What needs to be done: Render every line of the data exactly as written, and leave out the pictures.

** Dataset records follows **

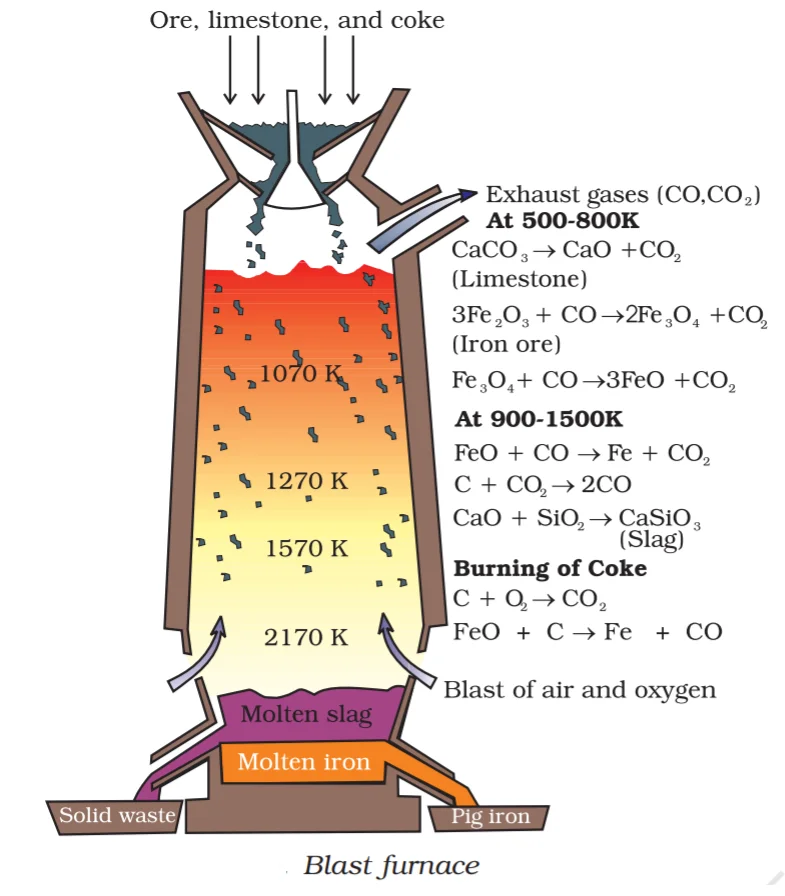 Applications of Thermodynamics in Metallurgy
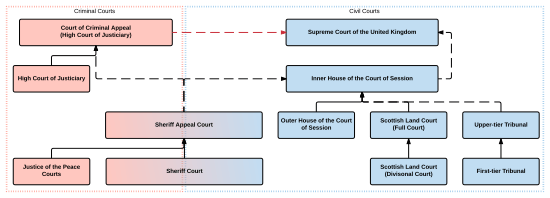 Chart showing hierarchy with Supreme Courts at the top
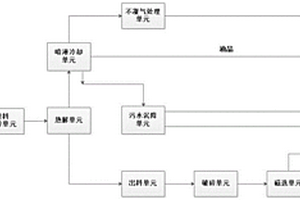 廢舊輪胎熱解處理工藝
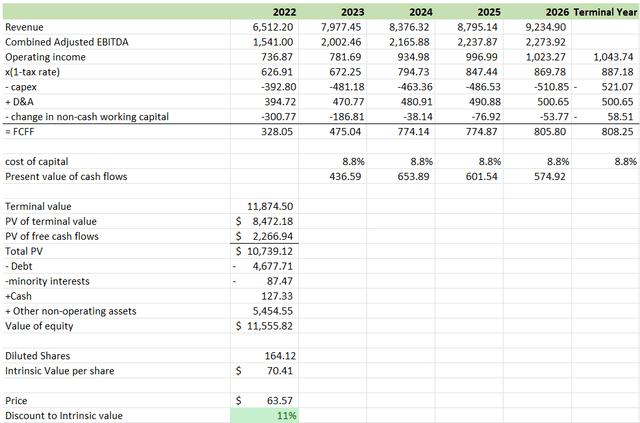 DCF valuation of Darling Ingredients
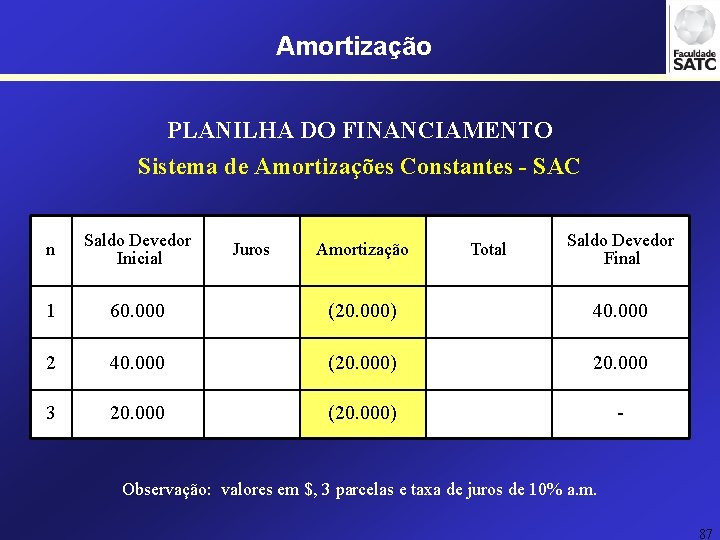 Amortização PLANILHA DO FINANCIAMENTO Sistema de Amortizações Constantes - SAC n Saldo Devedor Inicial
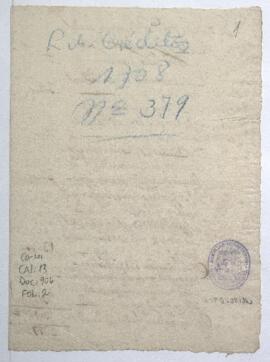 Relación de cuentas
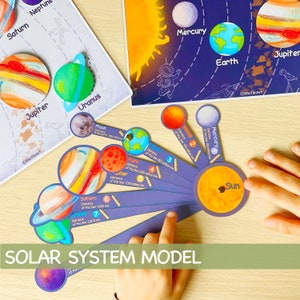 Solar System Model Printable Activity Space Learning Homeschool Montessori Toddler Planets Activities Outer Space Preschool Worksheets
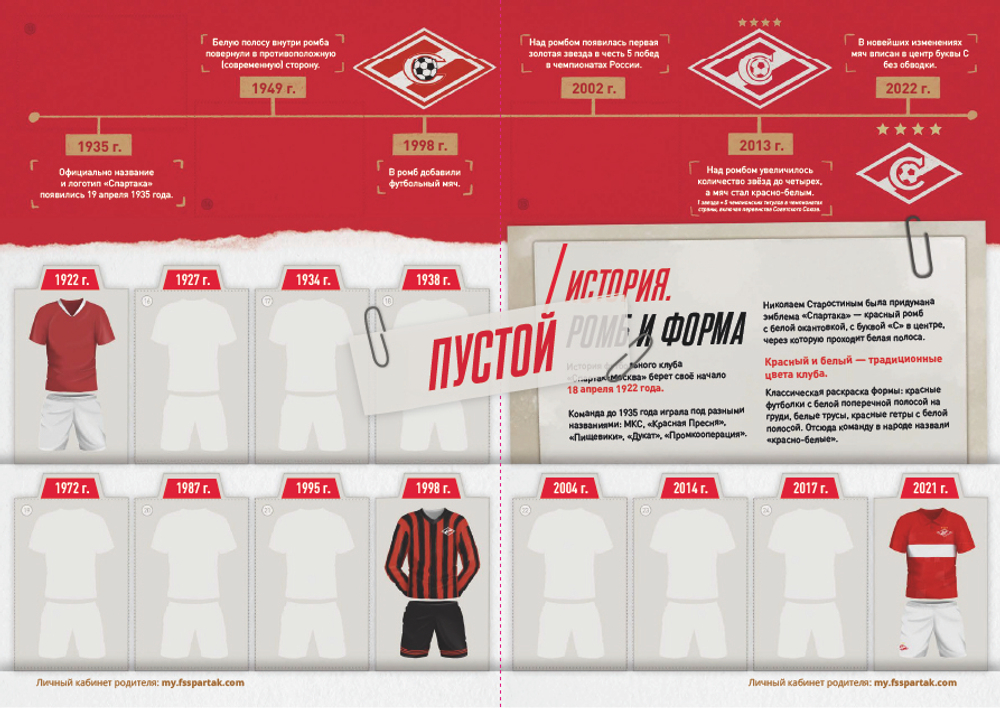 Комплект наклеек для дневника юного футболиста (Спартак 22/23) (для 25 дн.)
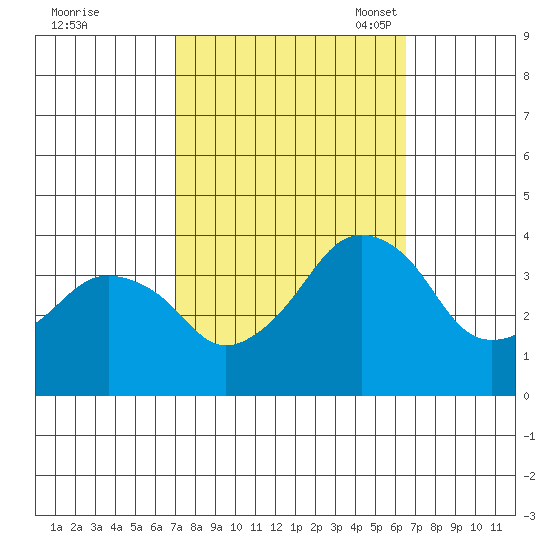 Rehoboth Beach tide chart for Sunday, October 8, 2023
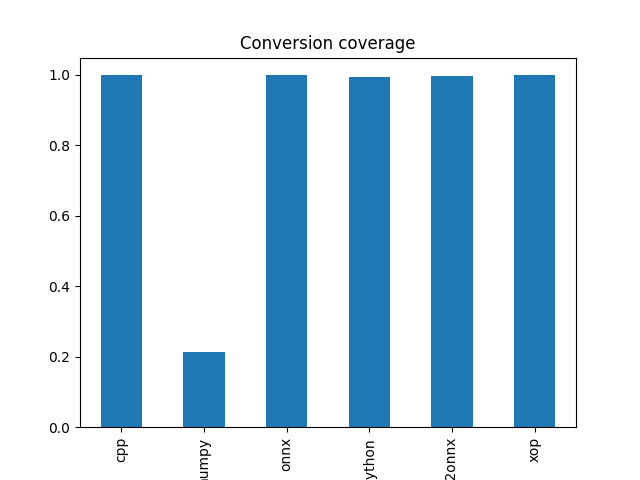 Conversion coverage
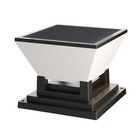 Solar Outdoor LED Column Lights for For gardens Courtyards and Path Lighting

** End of Dataset records **

Solved exercise:
 Applications of Thermodynamics in Metallurgy
 Chart showing hierarchy with Supreme Courts at the top
 廢舊輪胎熱解處理工藝
 DCF valuation of Darling Ingredients
 Amortização PLANILHA DO FINANCIAMENTO Sistema de Amortizações Constantes - SAC n Saldo Devedor Inicial
 Relación de cuentas
 Solar System Model Printable Activity Space Learning Homeschool Montessori Toddler Planets Activities Outer Space Preschool Worksheets
 Комплект наклеек для дневника юного футболиста (Спартак 22/23) (для 25 дн.)
 Rehoboth Beach tide chart for Sunday, October 8, 2023
 Conversion coverage
 Solar Outdoor LED Column Lights for For gardens Courtyards and Path Lighting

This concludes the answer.